The Overview Column Points table displays values which allow the research to evaluate how each column contributes to the dimensions and how each dimension contributes to the columns. The Mass (as mentioned above), is simply the proportion of each column to the total (1500). The Score in Dimension displays each column's score on dimension 1 and dimension 2. The scores are derived based on the proportions (mass) for each cell, column, and row when compared to total sample; the scores are representative of dimensional distance and are used in the graphs below. The Inertia column shows the amount of variance each column accounts for of the total inertia value. The contribution Of Point to Inertia of Dimension columns show the role each column plays in each dimension; these are analogous to factor or component loadings. The contribution Of Dimension to Inertia of Point columns show the role each dimension plays in each column -- these are not the inverse or opposite of the previous two columns because each dimension is composed of multiple points. The Total column represents the sum of each dimensions role in the column.

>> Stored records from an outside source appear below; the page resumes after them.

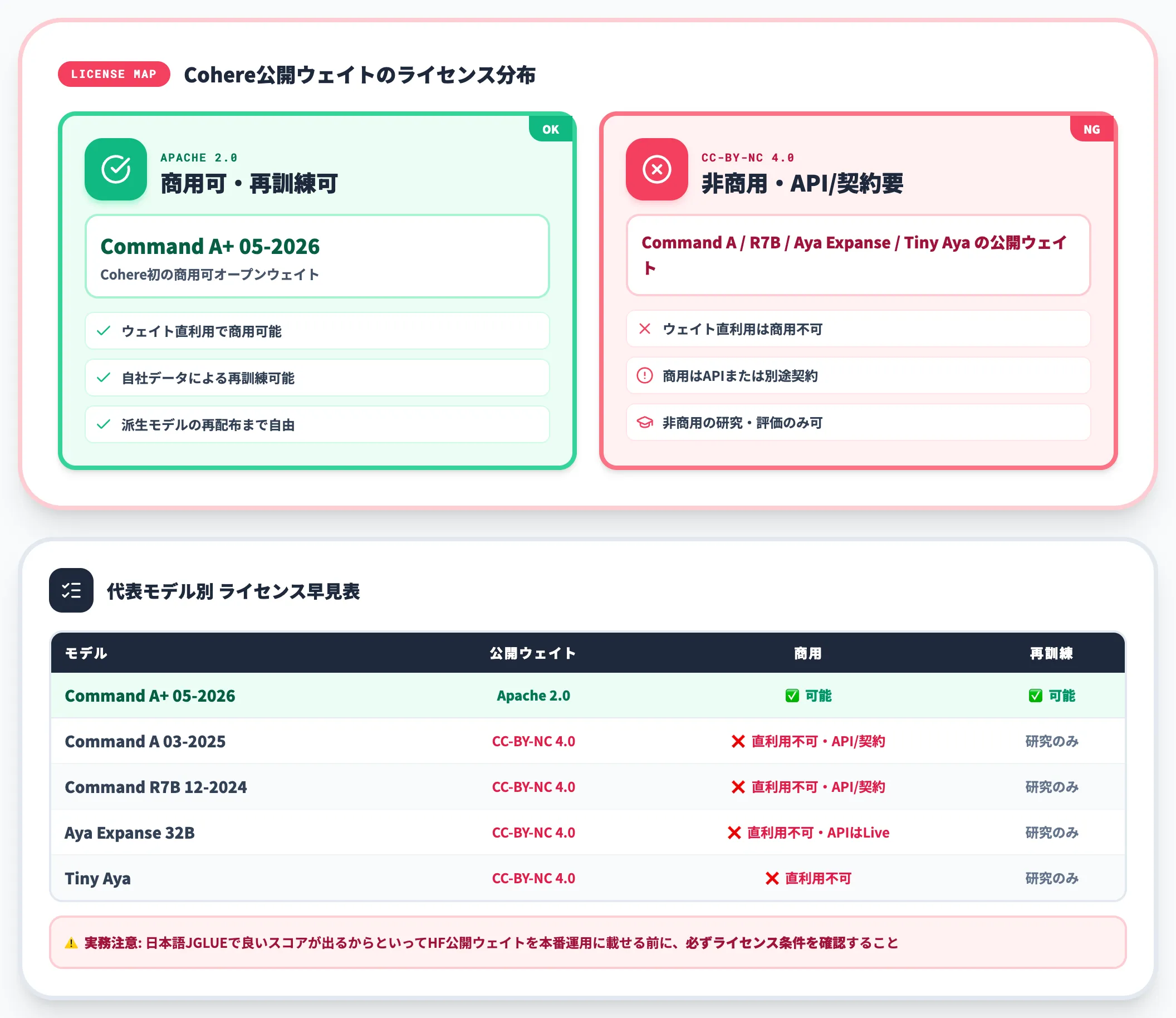 モデルライセンスの読み違い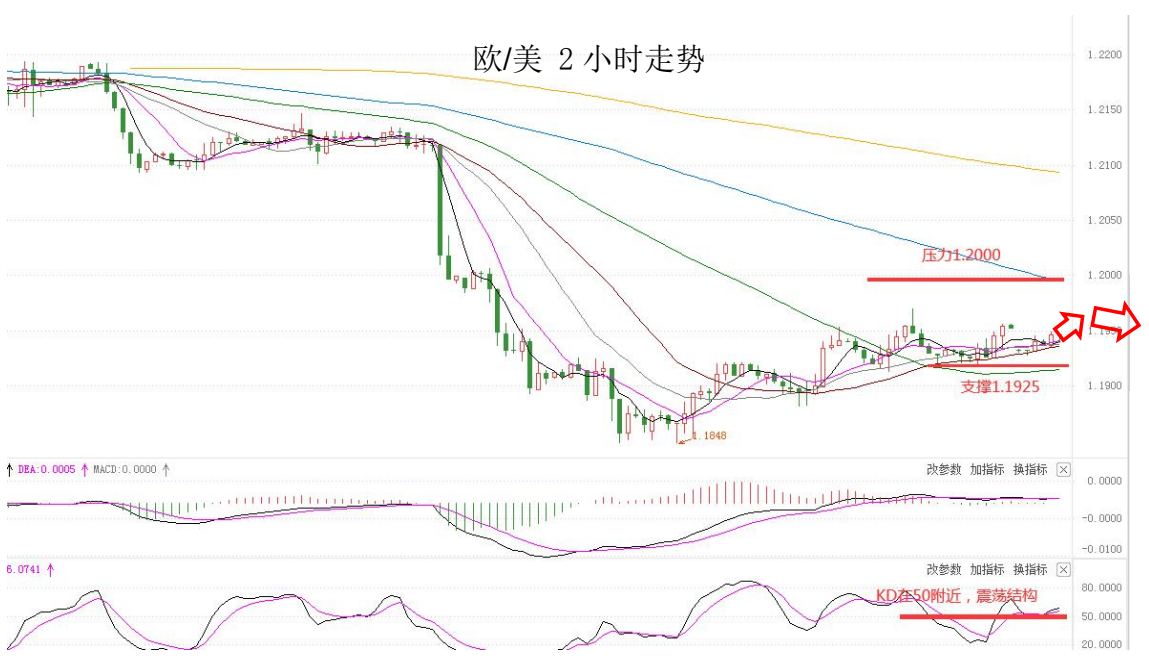 MultiBank：大通晚报|美元调整或接近尾声，非美货币上涨空间或许有限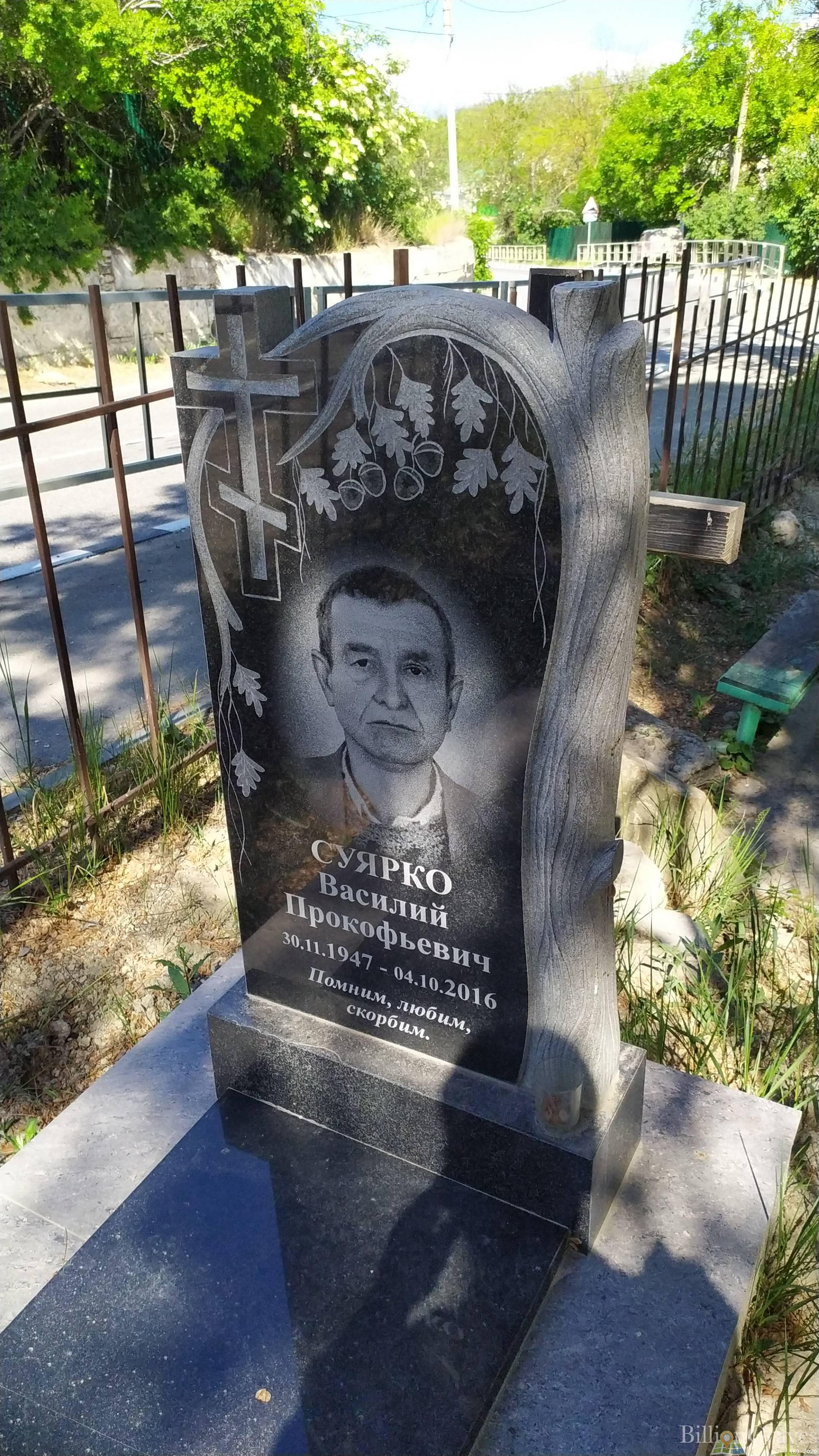 Суярко Василий Прокофьевич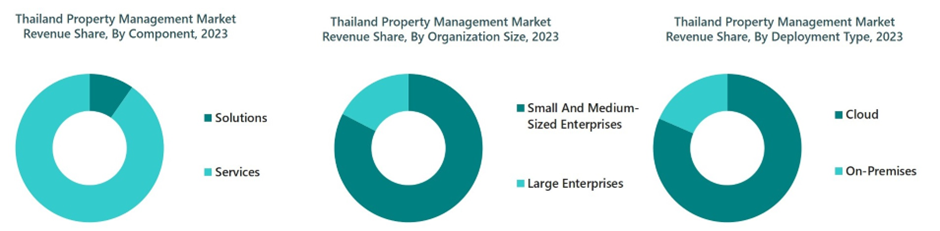 Thailand Property Management Market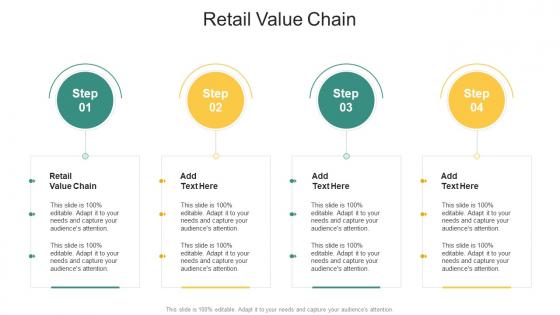 Retail Value Chain In Powerpoint And Google Slides Cpb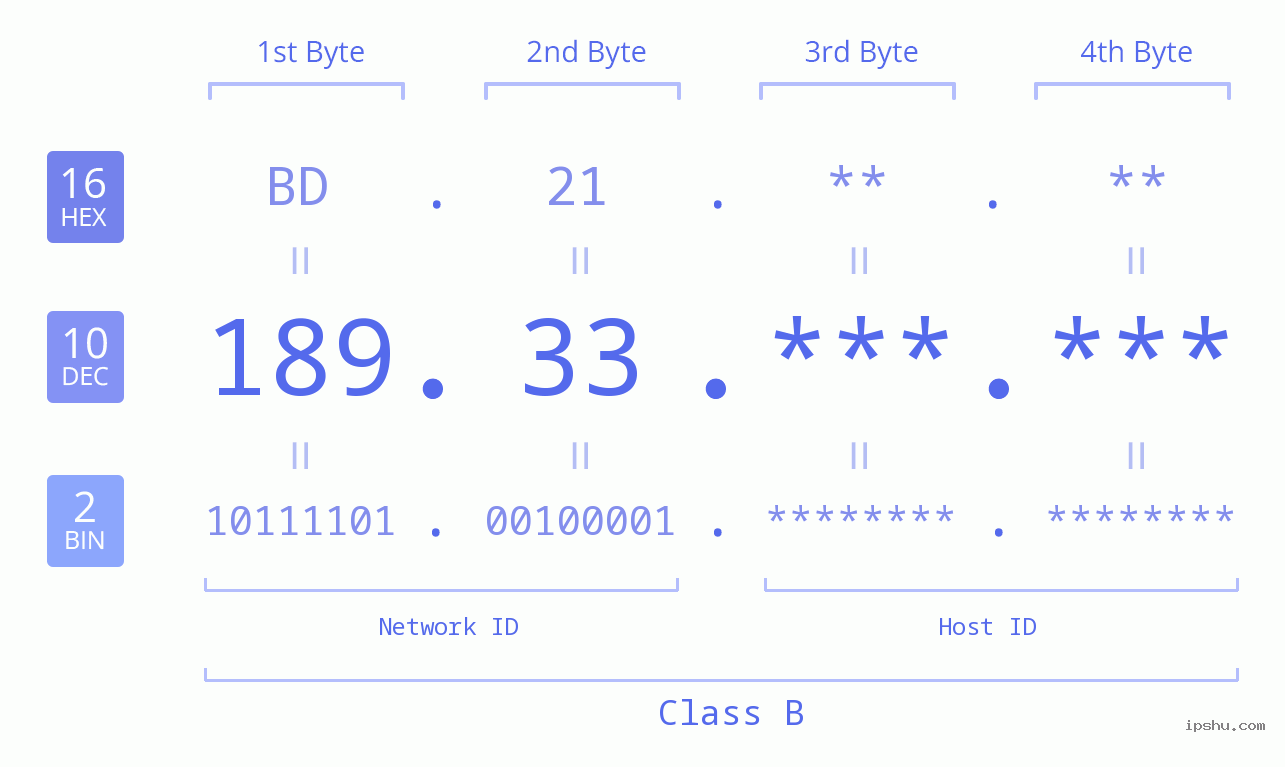 IP Address: 189.33 Data Structure Chart BIN DEC HEX IPv4: 189.33 Network Class, Net ID, Host ID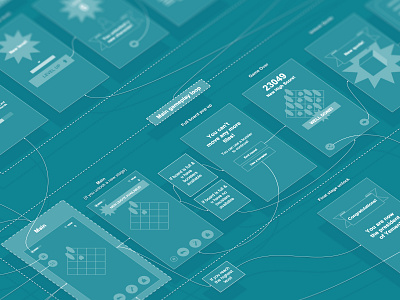 Flowcharts everywhere! bomburo flow flowchart gamedesign gamedev graph ui userflow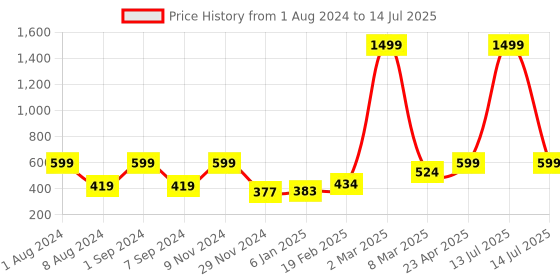 myntra.com macmerise Chaotic Printed iPhone 11 Bumper Case macmerise Price History Graph from 1 Aug 2024 to 14 Jul 2025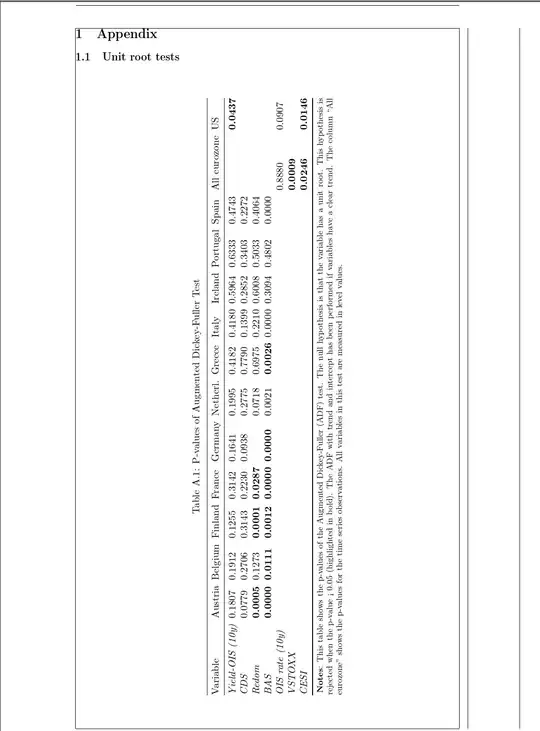 table centred both ways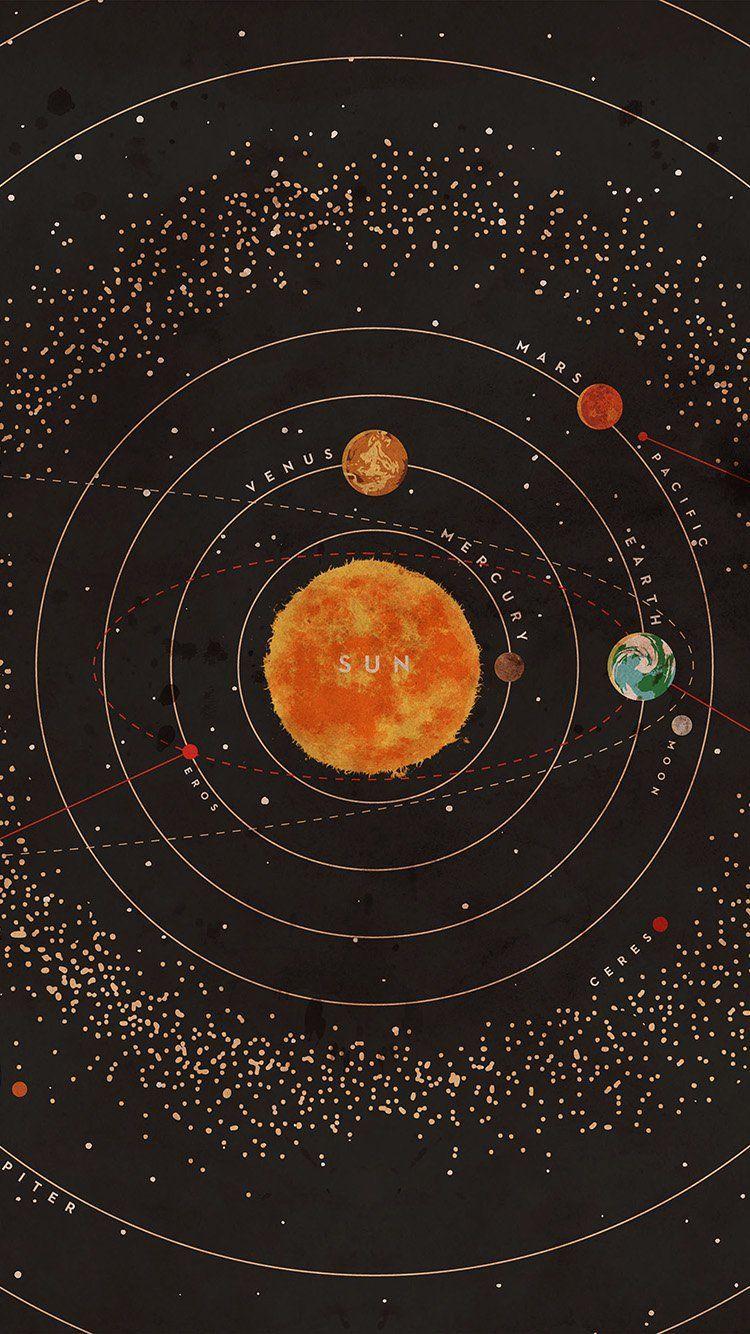 Sonnensystem, Sonne, Planetenbahnen, Asteroidengürtel, Illustration, 750x1334, Handy-Hintergrund
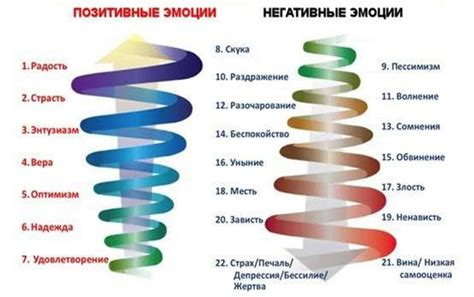 Роль миражей в психологии и осмысление их смысла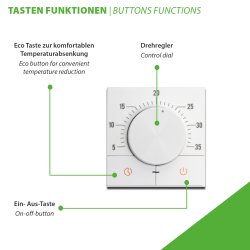 Magnum S-Control Thermostat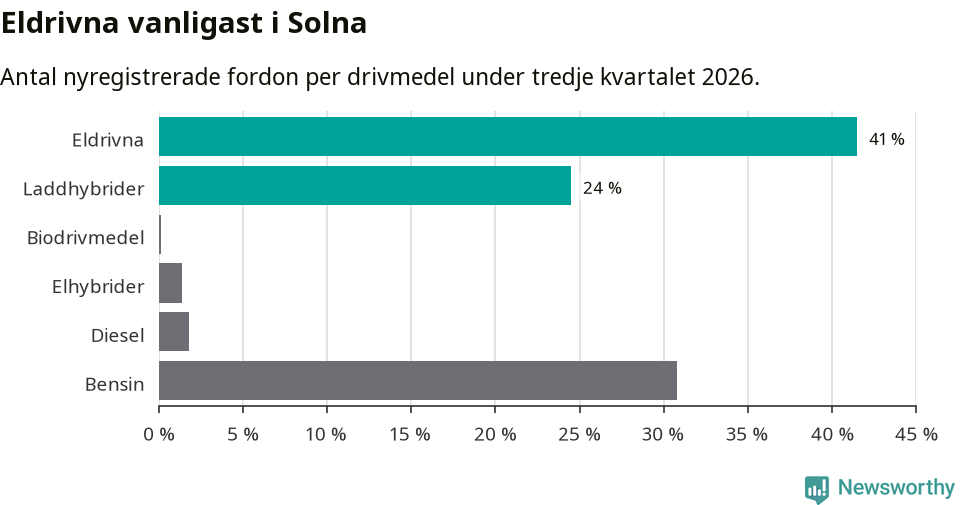Graf: Antal nyregistrerade fordon per drivmedel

The confidence points tables display the standard deviation of each point's dimension score, as well as the correlation between each point's dimension scores. Recall, the scores themselves are displayed in previous tables (above).

The first two graphs show the score for each category of Family Income on dimension 1 and dimension 2.

The next two graphs show show the score for each category of Class Standing on dimension 1 and dimension 2.

The next two graphs show the scores for each category on both dimensions (at once) for Family Income and Class Standing.

Finally, the correspondence map shows each category score on both dimensions (at once) for both family income and class standing (at once). Now we can see the usefulness of scores as measures of distance on the two interpreted dimensions of our model. The scores allow us to compare categories across variables in (this case) two dimensional space. Remember, correlation is a standardized measure of relationship between two (typically) continuous variables. Correspondence is a standardized measure of relationship (in space/distance) between categories of multiple variables (in this case two). It is important to note that the dimensions are empirically derived axes or eigenvectors and not simply the variables entered into the analysis. So, we could say that Juniors appear to have family incomes between 50 and 75 thousand dollars. BUT, given our not significantly different from zero total inertia value of 0.009, we really can not have confidence in this data's ability to offer conclusions about the general population. The model is not good at all with only 00.9% of the variance in the original correspondence table accounted for by the total model (all three dimensions; only two of which were interpreted).

As with most of the tutorials / pages within this site, this page should not be considered an exhaustive review of the topic covered and it should not be considered a substitute for a good textbook.